O golpe falhou. Na opinião de muitos, entre eles o ministro do STF Alexandre de Moraes, “foi uma ‘Operação Tabajara’, o nome criado pelos humoristas do antigo programa Casseta & Planeta, da Rede Globo, para se referir a alguma coisa que dava errado ou não funcionava. A lista de motivos para explicar o fracasso dos golpistas é enorme, vou citar o que considero o principal.
Eles partiram do princípio de que fazendo uma arruaça em Brasília conseguiram envolver as Forças Armadas e o resto da população se curvaria para o que acontecesse, e baixaria a cabeça e iria para casa. Qualquer estrategista em início de carreira sabe que não é assim que as coisas funcionam. Lembro que o golpe militar de 1964 não conseguiu se consolidar até o seu fracasso, em 1985. Mesmo tendo o apoio militar, econômico e principalmente político dos Estados Unidos.

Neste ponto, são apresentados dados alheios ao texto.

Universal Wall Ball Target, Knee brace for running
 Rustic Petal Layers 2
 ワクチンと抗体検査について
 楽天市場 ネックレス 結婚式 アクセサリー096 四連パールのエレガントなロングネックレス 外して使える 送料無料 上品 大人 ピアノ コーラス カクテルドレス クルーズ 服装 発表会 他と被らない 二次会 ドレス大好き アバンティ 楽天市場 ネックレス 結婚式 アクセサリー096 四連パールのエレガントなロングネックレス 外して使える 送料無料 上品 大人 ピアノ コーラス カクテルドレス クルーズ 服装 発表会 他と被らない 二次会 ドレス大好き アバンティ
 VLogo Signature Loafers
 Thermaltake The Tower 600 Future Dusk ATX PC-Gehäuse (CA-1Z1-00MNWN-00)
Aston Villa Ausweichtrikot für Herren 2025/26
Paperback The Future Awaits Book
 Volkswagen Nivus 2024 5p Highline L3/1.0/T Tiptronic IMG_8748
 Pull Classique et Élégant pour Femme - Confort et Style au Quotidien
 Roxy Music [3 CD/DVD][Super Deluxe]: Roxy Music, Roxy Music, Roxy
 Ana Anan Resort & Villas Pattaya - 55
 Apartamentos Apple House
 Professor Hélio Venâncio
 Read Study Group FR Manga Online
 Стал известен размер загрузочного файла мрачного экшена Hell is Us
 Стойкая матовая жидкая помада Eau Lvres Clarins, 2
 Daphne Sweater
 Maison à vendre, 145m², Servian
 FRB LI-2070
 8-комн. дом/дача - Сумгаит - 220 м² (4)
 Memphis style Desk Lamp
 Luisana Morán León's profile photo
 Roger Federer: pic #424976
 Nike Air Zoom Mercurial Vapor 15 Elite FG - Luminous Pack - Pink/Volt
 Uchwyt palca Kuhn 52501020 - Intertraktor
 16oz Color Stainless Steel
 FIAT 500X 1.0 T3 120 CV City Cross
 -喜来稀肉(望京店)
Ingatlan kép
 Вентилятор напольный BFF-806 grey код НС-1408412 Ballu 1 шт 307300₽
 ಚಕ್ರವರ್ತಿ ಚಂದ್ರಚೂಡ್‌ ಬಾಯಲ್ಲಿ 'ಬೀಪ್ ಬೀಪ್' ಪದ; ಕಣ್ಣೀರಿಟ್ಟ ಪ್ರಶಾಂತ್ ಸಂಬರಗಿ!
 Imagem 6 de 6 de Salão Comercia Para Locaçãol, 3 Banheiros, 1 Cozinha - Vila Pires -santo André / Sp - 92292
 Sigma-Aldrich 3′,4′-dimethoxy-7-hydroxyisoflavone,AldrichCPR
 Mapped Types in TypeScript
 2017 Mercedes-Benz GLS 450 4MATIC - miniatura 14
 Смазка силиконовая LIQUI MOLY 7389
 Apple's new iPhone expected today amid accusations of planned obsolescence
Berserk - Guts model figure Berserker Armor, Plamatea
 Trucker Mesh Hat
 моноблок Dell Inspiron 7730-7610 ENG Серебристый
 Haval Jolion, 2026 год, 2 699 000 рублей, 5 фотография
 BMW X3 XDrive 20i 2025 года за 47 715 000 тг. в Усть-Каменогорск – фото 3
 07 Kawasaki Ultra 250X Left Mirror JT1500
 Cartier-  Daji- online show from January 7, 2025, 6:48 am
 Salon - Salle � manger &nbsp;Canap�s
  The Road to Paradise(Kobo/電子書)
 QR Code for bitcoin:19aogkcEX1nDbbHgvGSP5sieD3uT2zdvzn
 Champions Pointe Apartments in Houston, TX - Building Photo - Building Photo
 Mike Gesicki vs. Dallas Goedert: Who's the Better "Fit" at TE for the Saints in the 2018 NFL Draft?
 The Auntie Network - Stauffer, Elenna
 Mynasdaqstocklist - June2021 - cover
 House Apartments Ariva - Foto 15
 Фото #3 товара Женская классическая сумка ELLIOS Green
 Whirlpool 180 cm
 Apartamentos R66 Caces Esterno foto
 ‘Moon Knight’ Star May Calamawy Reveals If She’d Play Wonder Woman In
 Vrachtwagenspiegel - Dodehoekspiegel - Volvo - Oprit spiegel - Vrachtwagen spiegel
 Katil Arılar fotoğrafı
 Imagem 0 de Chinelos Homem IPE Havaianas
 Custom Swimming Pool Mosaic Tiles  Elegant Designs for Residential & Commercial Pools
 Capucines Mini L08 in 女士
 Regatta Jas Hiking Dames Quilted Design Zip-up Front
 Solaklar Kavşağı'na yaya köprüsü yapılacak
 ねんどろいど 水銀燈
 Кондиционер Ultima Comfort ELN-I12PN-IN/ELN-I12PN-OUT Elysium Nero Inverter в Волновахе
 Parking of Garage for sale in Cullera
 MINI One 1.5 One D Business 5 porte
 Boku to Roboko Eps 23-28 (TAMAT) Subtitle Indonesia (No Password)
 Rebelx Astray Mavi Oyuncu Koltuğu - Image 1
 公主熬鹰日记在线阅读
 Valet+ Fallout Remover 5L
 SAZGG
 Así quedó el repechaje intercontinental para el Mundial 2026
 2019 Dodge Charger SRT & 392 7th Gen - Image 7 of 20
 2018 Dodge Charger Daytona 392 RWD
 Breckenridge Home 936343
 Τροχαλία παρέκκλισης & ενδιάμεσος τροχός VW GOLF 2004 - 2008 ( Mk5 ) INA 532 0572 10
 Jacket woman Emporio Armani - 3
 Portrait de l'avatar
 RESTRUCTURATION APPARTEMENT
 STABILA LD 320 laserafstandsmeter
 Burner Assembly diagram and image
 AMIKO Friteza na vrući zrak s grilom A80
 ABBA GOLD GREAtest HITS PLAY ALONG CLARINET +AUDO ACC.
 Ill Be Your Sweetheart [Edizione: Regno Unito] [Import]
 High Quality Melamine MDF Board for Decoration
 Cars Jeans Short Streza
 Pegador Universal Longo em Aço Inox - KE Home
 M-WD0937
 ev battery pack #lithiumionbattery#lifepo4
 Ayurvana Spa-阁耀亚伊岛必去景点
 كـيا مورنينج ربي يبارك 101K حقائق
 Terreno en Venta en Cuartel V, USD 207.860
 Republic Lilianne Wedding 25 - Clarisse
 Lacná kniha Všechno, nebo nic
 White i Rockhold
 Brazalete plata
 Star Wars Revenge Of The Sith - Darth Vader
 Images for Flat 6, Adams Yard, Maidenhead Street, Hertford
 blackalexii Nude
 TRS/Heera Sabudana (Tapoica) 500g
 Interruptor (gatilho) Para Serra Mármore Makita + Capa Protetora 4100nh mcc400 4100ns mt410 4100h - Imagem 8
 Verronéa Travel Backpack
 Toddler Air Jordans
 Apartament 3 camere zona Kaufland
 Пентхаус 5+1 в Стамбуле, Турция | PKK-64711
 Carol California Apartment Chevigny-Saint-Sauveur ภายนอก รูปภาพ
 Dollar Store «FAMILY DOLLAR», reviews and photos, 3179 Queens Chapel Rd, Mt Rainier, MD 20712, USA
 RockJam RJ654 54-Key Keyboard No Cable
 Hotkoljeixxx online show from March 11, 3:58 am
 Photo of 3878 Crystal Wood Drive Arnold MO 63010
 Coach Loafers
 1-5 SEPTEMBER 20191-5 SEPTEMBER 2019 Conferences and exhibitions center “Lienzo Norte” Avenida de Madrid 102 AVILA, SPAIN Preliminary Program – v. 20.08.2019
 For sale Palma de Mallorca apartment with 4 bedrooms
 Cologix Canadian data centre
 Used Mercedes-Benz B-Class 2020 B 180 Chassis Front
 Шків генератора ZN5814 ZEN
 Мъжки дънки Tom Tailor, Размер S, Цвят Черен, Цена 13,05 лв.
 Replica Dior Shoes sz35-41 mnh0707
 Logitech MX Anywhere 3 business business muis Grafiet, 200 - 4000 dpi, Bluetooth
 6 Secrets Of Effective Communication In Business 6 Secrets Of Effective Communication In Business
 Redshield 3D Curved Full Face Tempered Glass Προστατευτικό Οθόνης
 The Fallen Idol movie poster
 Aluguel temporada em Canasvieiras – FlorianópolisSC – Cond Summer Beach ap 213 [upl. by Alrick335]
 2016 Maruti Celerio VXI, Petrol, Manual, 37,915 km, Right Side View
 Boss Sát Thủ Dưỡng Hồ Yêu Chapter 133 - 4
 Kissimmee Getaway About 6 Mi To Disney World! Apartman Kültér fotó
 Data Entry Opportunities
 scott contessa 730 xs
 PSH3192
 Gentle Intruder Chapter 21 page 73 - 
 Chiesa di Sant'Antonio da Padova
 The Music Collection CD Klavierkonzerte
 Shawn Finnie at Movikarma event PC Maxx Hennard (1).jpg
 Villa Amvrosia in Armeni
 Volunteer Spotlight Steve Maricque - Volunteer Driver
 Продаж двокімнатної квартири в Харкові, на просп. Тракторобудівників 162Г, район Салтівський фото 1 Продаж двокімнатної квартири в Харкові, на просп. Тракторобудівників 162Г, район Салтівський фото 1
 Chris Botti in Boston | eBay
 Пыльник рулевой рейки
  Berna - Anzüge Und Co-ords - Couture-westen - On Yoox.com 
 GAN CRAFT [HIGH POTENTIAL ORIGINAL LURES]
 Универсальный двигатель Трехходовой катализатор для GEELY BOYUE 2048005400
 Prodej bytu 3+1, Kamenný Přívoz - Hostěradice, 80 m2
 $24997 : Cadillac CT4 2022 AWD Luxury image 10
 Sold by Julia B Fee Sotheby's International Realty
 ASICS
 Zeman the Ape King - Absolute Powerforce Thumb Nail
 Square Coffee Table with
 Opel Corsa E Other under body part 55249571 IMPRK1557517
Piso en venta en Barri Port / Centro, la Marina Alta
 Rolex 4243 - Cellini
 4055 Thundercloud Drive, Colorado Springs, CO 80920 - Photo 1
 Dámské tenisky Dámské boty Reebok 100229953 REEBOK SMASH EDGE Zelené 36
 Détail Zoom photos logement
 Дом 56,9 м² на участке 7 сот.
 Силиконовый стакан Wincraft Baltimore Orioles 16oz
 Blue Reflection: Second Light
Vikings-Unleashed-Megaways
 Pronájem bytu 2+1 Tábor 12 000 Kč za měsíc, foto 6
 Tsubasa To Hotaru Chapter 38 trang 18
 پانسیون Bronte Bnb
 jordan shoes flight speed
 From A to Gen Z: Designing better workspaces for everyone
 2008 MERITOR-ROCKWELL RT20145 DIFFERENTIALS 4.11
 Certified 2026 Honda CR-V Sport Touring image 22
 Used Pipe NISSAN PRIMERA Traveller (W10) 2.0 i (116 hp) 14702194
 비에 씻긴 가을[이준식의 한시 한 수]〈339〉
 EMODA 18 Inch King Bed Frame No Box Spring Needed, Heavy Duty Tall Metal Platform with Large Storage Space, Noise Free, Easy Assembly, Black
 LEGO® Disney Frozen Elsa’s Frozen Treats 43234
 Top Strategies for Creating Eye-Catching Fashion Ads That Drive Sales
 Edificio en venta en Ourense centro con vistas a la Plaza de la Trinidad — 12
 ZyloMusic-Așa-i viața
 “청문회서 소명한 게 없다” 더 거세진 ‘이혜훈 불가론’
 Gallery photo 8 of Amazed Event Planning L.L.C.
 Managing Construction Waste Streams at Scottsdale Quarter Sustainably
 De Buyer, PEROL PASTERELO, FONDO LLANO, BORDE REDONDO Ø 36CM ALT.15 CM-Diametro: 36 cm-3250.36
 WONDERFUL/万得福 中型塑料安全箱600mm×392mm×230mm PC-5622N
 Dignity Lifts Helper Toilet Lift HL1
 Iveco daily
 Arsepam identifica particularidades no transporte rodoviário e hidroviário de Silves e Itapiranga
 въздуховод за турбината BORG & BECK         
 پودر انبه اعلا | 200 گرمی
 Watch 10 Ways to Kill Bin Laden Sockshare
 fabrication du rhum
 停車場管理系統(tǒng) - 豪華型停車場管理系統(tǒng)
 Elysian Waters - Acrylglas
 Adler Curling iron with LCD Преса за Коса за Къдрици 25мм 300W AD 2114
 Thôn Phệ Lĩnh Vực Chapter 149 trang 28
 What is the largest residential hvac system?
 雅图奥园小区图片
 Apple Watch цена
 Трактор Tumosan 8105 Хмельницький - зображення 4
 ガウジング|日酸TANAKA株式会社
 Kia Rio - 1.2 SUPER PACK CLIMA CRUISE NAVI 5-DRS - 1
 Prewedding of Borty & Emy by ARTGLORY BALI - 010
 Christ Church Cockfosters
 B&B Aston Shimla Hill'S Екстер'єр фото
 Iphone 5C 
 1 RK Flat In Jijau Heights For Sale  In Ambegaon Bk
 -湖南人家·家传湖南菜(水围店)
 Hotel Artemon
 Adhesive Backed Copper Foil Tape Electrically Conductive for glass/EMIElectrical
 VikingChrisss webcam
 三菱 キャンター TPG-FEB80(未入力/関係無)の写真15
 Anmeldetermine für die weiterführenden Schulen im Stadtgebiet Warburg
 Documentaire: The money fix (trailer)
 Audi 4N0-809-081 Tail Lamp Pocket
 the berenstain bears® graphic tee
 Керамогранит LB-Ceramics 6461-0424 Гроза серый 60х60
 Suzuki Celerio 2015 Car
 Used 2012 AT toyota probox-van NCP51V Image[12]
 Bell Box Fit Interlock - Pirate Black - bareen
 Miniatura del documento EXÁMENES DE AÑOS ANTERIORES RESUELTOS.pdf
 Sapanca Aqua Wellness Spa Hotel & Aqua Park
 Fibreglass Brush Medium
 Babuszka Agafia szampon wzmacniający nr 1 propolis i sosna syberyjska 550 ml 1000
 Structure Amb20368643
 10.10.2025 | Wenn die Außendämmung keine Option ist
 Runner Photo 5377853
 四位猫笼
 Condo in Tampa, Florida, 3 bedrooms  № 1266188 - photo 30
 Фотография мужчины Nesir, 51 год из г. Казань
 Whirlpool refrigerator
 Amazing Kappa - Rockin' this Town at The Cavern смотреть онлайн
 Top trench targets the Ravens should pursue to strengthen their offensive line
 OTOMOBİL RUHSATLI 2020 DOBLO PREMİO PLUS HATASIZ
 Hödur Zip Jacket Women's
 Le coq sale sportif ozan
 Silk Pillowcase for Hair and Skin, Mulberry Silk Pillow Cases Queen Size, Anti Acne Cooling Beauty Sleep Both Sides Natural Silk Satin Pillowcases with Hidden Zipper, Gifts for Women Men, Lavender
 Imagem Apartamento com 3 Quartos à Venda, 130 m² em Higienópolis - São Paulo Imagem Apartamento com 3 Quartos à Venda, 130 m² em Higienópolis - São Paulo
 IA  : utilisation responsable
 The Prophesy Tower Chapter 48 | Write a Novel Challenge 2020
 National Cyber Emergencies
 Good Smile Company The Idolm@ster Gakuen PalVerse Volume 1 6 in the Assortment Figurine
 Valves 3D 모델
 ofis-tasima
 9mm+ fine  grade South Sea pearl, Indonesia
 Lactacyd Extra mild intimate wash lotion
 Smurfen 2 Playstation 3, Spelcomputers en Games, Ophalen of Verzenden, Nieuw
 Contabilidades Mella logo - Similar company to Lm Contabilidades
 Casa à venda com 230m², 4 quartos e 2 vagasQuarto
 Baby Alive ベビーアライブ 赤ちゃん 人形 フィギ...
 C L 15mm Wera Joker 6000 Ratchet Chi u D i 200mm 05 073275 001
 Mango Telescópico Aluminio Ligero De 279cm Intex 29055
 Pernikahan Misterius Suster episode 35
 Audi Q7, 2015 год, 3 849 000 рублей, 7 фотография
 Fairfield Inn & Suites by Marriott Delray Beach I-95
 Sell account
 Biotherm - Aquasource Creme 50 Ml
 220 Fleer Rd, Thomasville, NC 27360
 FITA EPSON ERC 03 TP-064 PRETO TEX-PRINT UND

O que aconteceria hoje? O Brasil é país totalmente diferente: a maioria da população é urbana, a economia está entre as 10 principais do mundo e as dimensões do território são continentais. E os demais países, entre eles os Estados Unidos, não apoiam golpes militares. Portanto, haveria uma reação, significaria que os aviões de caça e bombardeiros da Força Aérea Brasileira (FAB) atacariam as cidades, colunas de tanques entrariam nas capitais e os soldados de infantaria trocariam tiros com os civis.
Dá para imaginar uma situação dessas? Claro que não. Jamais as Forças Armadas embarcariam em um barco desses. Os bolsonaristas radicalizados acreditaram que teriam o apoio do alto comando dos militares.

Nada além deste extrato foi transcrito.